#### Work instructions
Reproduce verbatim the lines of the material below, starting at the line with "Wohn-/Essbereich mit Zugang" and ending at the line with "JAR-006-2.jpg", both inclusive; skip the rest.

#### Exercise input
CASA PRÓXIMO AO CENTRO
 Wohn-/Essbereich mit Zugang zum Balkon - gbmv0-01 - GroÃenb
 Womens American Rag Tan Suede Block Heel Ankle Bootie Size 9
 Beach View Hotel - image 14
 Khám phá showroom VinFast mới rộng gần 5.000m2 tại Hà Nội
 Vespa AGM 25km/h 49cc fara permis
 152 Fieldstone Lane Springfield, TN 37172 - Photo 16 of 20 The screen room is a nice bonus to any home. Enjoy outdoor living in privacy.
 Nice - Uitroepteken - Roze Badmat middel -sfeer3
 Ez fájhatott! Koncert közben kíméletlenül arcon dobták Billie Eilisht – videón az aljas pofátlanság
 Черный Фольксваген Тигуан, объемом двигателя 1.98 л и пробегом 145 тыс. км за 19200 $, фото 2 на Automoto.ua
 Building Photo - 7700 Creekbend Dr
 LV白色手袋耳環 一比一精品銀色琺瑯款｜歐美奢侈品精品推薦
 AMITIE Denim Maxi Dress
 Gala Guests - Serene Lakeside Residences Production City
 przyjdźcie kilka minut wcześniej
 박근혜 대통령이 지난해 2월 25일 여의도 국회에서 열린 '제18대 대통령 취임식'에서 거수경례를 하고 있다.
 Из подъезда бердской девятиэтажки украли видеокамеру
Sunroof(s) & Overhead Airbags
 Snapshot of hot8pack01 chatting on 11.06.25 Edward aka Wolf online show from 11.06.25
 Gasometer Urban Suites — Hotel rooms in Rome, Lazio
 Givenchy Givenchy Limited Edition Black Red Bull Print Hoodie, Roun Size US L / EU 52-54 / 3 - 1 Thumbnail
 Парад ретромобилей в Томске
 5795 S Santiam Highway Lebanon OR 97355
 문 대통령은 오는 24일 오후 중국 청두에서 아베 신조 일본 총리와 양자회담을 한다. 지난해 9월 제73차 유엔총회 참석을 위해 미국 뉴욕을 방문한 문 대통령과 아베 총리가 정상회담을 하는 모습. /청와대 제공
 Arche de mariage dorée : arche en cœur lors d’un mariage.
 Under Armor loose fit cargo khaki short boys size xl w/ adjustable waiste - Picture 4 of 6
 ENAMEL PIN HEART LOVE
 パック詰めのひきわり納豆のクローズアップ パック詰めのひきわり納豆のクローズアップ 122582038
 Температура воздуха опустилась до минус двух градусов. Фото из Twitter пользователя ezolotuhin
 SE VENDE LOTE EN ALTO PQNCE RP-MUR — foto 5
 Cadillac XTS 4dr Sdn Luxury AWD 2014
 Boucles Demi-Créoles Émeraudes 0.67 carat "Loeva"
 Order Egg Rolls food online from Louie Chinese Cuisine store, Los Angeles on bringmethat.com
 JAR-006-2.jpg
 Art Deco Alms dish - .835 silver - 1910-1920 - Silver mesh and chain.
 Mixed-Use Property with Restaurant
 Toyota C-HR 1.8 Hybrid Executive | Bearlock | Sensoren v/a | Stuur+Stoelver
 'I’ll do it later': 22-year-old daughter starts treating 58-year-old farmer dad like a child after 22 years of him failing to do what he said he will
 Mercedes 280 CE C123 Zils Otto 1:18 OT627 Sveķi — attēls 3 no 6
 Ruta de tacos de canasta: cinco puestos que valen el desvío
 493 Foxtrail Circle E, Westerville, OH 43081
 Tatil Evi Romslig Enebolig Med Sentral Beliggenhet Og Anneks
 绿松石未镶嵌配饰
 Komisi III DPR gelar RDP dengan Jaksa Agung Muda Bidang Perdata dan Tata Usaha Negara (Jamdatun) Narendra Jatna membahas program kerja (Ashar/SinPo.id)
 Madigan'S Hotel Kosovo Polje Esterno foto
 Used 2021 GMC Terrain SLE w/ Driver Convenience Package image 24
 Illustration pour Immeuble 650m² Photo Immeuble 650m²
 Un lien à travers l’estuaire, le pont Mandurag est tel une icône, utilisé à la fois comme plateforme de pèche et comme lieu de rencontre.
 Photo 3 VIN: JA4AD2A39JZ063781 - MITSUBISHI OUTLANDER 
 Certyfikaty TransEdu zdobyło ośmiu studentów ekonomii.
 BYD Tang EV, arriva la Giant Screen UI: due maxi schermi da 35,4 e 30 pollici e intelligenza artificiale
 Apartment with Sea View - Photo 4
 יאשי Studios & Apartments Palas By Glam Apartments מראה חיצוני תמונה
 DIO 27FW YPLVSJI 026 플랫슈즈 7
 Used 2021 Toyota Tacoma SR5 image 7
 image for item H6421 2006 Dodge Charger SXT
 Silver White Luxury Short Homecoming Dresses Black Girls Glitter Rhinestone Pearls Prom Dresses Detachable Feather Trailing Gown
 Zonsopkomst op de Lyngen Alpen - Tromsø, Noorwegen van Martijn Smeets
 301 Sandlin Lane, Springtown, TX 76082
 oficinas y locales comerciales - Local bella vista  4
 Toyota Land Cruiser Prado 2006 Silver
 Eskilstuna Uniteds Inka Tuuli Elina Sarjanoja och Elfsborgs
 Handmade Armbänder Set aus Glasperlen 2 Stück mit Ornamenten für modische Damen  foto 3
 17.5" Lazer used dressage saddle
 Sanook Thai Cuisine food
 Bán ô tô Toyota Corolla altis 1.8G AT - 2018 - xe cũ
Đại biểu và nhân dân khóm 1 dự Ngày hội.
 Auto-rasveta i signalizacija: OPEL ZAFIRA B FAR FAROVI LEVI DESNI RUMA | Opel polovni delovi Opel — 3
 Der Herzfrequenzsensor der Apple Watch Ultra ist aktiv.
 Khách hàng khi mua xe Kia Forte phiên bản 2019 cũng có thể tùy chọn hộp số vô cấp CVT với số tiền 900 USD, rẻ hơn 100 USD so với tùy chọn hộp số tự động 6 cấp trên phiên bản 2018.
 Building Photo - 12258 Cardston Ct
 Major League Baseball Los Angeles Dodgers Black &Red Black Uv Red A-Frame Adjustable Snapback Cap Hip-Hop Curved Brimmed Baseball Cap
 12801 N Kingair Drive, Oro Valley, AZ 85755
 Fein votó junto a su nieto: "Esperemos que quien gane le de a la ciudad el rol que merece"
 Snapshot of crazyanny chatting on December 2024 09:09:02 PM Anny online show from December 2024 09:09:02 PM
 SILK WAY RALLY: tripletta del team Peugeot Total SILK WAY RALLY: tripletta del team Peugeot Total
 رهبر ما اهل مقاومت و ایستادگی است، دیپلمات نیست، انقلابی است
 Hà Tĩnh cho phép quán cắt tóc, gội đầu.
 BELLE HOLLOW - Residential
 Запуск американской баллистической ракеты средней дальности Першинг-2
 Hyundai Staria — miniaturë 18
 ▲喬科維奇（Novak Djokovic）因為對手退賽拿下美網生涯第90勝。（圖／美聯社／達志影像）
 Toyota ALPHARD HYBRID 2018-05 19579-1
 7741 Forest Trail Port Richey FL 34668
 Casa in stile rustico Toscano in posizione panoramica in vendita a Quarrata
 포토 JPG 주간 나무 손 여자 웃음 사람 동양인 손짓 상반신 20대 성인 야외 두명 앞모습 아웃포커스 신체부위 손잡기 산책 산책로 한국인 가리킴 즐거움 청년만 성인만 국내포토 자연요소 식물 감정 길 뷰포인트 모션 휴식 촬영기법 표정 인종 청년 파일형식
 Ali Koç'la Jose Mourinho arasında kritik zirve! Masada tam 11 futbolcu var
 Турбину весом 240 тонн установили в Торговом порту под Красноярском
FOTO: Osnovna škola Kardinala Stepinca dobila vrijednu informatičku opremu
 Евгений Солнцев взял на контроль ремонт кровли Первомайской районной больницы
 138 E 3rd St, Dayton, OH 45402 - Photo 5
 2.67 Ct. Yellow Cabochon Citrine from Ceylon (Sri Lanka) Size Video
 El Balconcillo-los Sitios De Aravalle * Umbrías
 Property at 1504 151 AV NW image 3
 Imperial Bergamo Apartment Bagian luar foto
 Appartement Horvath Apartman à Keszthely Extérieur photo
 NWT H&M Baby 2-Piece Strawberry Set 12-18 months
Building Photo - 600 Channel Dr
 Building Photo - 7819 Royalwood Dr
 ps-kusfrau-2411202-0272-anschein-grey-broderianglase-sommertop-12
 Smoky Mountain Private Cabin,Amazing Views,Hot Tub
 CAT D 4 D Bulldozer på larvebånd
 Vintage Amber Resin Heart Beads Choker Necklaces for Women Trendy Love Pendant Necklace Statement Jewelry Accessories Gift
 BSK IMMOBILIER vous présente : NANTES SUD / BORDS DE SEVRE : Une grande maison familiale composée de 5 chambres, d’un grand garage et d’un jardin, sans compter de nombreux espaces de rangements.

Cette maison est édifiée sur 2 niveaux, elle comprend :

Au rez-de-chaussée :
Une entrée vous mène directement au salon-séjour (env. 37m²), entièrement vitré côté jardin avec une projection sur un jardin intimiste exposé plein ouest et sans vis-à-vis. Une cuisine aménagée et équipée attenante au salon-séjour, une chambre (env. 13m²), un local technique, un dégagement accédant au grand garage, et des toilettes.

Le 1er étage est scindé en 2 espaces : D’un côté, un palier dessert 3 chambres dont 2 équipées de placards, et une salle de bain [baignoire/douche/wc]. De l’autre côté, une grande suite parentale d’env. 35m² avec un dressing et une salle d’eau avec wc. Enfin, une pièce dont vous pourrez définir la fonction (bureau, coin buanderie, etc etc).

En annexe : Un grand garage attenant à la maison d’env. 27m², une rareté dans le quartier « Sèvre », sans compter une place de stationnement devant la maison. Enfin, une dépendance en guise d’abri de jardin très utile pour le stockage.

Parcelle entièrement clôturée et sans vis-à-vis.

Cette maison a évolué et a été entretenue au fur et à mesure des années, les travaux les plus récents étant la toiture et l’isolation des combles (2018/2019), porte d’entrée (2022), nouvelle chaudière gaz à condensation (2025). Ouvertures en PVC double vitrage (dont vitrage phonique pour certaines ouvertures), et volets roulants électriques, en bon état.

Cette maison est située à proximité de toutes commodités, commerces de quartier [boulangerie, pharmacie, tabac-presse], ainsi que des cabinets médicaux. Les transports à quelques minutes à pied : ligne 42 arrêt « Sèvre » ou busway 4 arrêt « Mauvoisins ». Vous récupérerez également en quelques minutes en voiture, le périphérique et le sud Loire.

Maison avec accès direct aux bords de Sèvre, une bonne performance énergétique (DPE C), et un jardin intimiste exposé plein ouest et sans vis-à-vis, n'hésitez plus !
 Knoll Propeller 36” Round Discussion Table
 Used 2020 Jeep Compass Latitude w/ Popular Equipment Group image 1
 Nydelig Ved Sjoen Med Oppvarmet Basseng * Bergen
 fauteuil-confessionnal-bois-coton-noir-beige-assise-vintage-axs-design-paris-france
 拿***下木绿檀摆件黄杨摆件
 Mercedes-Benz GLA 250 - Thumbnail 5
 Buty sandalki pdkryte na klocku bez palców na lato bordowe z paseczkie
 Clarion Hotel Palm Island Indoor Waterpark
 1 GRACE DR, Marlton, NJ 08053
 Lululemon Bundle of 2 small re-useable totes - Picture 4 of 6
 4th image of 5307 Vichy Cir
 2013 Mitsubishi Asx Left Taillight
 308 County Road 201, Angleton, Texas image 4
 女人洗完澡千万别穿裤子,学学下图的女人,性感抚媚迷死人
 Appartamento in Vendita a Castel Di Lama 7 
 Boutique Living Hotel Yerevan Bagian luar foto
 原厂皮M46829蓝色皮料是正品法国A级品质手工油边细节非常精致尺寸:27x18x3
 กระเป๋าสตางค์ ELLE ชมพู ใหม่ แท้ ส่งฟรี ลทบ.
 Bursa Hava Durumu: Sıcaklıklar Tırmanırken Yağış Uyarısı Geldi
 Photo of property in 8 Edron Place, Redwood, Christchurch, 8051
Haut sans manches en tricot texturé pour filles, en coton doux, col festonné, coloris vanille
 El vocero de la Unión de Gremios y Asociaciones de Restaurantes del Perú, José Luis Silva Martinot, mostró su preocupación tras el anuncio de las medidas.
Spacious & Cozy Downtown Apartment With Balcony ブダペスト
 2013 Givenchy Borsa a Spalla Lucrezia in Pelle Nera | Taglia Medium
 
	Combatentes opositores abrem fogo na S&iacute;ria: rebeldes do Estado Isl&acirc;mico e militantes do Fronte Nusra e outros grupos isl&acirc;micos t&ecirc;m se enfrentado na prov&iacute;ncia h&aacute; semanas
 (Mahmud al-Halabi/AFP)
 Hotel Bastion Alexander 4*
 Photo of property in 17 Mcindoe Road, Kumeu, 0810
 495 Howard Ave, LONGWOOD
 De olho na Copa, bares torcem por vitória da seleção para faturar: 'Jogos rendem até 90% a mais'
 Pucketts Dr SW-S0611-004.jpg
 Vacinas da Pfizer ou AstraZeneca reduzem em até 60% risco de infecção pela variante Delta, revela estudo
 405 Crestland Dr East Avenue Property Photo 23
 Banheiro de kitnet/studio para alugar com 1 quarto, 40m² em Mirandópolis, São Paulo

#### Written solution
 Wohn-/Essbereich mit Zugang zum Balkon - gbmv0-01 - GroÃenb
 Womens American Rag Tan Suede Block Heel Ankle Bootie Size 9
 Beach View Hotel - image 14
 Khám phá showroom VinFast mới rộng gần 5.000m2 tại Hà Nội
 Vespa AGM 25km/h 49cc fara permis
 152 Fieldstone Lane Springfield, TN 37172 - Photo 16 of 20 The screen room is a nice bonus to any home. Enjoy outdoor living in privacy.
 Nice - Uitroepteken - Roze Badmat middel -sfeer3
 Ez fájhatott! Koncert közben kíméletlenül arcon dobták Billie Eilisht – videón az aljas pofátlanság
 Черный Фольксваген Тигуан, объемом двигателя 1.98 л и пробегом 145 тыс. км за 19200 $, фото 2 на Automoto.ua
 Building Photo - 7700 Creekbend Dr
 LV白色手袋耳環 一比一精品銀色琺瑯款｜歐美奢侈品精品推薦
 AMITIE Denim Maxi Dress
 Gala Guests - Serene Lakeside Residences Production City
 przyjdźcie kilka minut wcześniej
 박근혜 대통령이 지난해 2월 25일 여의도 국회에서 열린 '제18대 대통령 취임식'에서 거수경례를 하고 있다.
 Из подъезда бердской девятиэтажки украли видеокамеру
Sunroof(s) & Overhead Airbags
 Snapshot of hot8pack01 chatting on 11.06.25 Edward aka Wolf online show from 11.06.25
 Gasometer Urban Suites — Hotel rooms in Rome, Lazio
 Givenchy Givenchy Limited Edition Black Red Bull Print Hoodie, Roun Size US L / EU 52-54 / 3 - 1 Thumbnail
 Парад ретромобилей в Томске
 5795 S Santiam Highway Lebanon OR 97355
 문 대통령은 오는 24일 오후 중국 청두에서 아베 신조 일본 총리와 양자회담을 한다. 지난해 9월 제73차 유엔총회 참석을 위해 미국 뉴욕을 방문한 문 대통령과 아베 총리가 정상회담을 하는 모습. /청와대 제공
 Arche de mariage dorée : arche en cœur lors d’un mariage.
 Under Armor loose fit cargo khaki short boys size xl w/ adjustable waiste - Picture 4 of 6
 ENAMEL PIN HEART LOVE
 パック詰めのひきわり納豆のクローズアップ パック詰めのひきわり納豆のクローズアップ 122582038
 Температура воздуха опустилась до минус двух градусов. Фото из Twitter пользователя ezolotuhin
 SE VENDE LOTE EN ALTO PQNCE RP-MUR — foto 5
 Cadillac XTS 4dr Sdn Luxury AWD 2014
 Boucles Demi-Créoles Émeraudes 0.67 carat "Loeva"
 Order Egg Rolls food online from Louie Chinese Cuisine store, Los Angeles on bringmethat.com
 JAR-006-2.jpg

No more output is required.